### Data extract

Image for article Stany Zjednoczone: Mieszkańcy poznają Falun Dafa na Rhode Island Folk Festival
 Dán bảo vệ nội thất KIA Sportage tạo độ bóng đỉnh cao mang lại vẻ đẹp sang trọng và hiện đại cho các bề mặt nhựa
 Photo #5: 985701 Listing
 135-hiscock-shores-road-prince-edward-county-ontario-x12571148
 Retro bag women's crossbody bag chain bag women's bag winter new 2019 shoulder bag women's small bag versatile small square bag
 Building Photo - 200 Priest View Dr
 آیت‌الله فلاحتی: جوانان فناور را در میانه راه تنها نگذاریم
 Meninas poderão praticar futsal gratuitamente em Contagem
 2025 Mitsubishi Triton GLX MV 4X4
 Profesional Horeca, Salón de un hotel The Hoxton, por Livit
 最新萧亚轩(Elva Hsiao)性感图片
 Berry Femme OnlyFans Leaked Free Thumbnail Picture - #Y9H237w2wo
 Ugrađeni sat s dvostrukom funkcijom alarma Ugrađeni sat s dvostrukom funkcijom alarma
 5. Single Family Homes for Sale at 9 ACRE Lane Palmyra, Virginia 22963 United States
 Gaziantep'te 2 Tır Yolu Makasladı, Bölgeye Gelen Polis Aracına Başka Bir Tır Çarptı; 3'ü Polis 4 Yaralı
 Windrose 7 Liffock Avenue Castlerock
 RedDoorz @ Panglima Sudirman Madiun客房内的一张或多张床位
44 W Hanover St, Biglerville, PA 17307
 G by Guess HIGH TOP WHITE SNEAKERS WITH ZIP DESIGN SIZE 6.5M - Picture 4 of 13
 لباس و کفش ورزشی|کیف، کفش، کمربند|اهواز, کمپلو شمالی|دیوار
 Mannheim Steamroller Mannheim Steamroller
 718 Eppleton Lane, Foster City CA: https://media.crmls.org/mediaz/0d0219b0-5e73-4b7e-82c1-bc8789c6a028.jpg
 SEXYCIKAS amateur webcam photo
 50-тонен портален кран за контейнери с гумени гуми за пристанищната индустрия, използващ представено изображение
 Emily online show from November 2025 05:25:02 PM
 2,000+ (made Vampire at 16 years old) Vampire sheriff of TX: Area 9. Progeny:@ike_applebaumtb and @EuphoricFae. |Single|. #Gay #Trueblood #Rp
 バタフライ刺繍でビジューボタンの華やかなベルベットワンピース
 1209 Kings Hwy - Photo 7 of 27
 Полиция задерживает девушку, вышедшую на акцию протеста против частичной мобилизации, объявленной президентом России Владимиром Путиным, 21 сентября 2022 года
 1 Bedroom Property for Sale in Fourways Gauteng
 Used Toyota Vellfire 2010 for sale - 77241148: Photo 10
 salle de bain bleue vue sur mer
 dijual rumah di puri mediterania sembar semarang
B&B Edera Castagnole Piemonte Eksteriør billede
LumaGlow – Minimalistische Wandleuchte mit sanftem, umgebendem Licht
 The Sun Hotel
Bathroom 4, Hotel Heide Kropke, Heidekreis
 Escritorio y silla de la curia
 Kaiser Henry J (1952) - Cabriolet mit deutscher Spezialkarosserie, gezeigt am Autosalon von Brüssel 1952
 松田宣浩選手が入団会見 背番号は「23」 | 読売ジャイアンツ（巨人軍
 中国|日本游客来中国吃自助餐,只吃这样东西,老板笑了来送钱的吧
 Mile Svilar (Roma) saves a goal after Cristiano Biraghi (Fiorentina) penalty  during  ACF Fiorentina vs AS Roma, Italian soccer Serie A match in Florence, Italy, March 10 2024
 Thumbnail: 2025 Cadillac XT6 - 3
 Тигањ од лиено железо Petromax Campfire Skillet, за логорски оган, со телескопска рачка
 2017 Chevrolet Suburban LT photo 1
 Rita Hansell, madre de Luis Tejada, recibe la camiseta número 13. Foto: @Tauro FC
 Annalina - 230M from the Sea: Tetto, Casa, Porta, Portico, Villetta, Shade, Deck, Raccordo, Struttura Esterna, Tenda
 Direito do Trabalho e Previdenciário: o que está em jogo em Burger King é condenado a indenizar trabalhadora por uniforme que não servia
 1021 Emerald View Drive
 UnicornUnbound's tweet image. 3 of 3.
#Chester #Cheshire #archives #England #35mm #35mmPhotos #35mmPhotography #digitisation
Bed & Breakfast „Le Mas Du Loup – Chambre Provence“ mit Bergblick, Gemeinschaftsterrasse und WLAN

######

▸ **Task brief**
Would you copy the entire listing exactly, missing nothing?

▸ **Output**
Image for article Stany Zjednoczone: Mieszkańcy poznają Falun Dafa na Rhode Island Folk Festival
 Dán bảo vệ nội thất KIA Sportage tạo độ bóng đỉnh cao mang lại vẻ đẹp sang trọng và hiện đại cho các bề mặt nhựa
 Photo #5: 985701 Listing
 135-hiscock-shores-road-prince-edward-county-ontario-x12571148
 Retro bag women's crossbody bag chain bag women's bag winter new 2019 shoulder bag women's small bag versatile small square bag
 Building Photo - 200 Priest View Dr
 آیت‌الله فلاحتی: جوانان فناور را در میانه راه تنها نگذاریم
 Meninas poderão praticar futsal gratuitamente em Contagem
 2025 Mitsubishi Triton GLX MV 4X4
 Profesional Horeca, Salón de un hotel The Hoxton, por Livit
 最新萧亚轩(Elva Hsiao)性感图片
 Berry Femme OnlyFans Leaked Free Thumbnail Picture - #Y9H237w2wo
 Ugrađeni sat s dvostrukom funkcijom alarma Ugrađeni sat s dvostrukom funkcijom alarma
 5. Single Family Homes for Sale at 9 ACRE Lane Palmyra, Virginia 22963 United States
 Gaziantep'te 2 Tır Yolu Makasladı, Bölgeye Gelen Polis Aracına Başka Bir Tır Çarptı; 3'ü Polis 4 Yaralı
 Windrose 7 Liffock Avenue Castlerock
 RedDoorz @ Panglima Sudirman Madiun客房内的一张或多张床位
44 W Hanover St, Biglerville, PA 17307
 G by Guess HIGH TOP WHITE SNEAKERS WITH ZIP DESIGN SIZE 6.5M - Picture 4 of 13
 لباس و کفش ورزشی|کیف، کفش، کمربند|اهواز, کمپلو شمالی|دیوار
 Mannheim Steamroller Mannheim Steamroller
 718 Eppleton Lane, Foster City CA: https://media.crmls.org/mediaz/0d0219b0-5e73-4b7e-82c1-bc8789c6a028.jpg
 SEXYCIKAS amateur webcam photo
 50-тонен портален кран за контейнери с гумени гуми за пристанищната индустрия, използващ представено изображение
 Emily online show from November 2025 05:25:02 PM
 2,000+ (made Vampire at 16 years old) Vampire sheriff of TX: Area 9. Progeny:@ike_applebaumtb and @EuphoricFae. |Single|. #Gay #Trueblood #Rp
 バタフライ刺繍でビジューボタンの華やかなベルベットワンピース
 1209 Kings Hwy - Photo 7 of 27
 Полиция задерживает девушку, вышедшую на акцию протеста против частичной мобилизации, объявленной президентом России Владимиром Путиным, 21 сентября 2022 года
 1 Bedroom Property for Sale in Fourways Gauteng
 Used Toyota Vellfire 2010 for sale - 77241148: Photo 10
 salle de bain bleue vue sur mer
 dijual rumah di puri mediterania sembar semarang
B&B Edera Castagnole Piemonte Eksteriør billede
LumaGlow – Minimalistische Wandleuchte mit sanftem, umgebendem Licht
 The Sun Hotel
Bathroom 4, Hotel Heide Kropke, Heidekreis
 Escritorio y silla de la curia
 Kaiser Henry J (1952) - Cabriolet mit deutscher Spezialkarosserie, gezeigt am Autosalon von Brüssel 1952
 松田宣浩選手が入団会見 背番号は「23」 | 読売ジャイアンツ（巨人軍
 中国|日本游客来中国吃自助餐,只吃这样东西,老板笑了来送钱的吧
 Mile Svilar (Roma) saves a goal after Cristiano Biraghi (Fiorentina) penalty  during  ACF Fiorentina vs AS Roma, Italian soccer Serie A match in Florence, Italy, March 10 2024
 Thumbnail: 2025 Cadillac XT6 - 3
 Тигањ од лиено железо Petromax Campfire Skillet, за логорски оган, со телескопска рачка
 2017 Chevrolet Suburban LT photo 1
 Rita Hansell, madre de Luis Tejada, recibe la camiseta número 13. Foto: @Tauro FC
 Annalina - 230M from the Sea: Tetto, Casa, Porta, Portico, Villetta, Shade, Deck, Raccordo, Struttura Esterna, Tenda
 Direito do Trabalho e Previdenciário: o que está em jogo em Burger King é condenado a indenizar trabalhadora por uniforme que não servia
 1021 Emerald View Drive
 UnicornUnbound's tweet image. 3 of 3.
#Chester #Cheshire #archives #England #35mm #35mmPhotos #35mmPhotography #digitisation
Bed & Breakfast „Le Mas Du Loup – Chambre Provence“ mit Bergblick, Gemeinschaftsterrasse und WLAN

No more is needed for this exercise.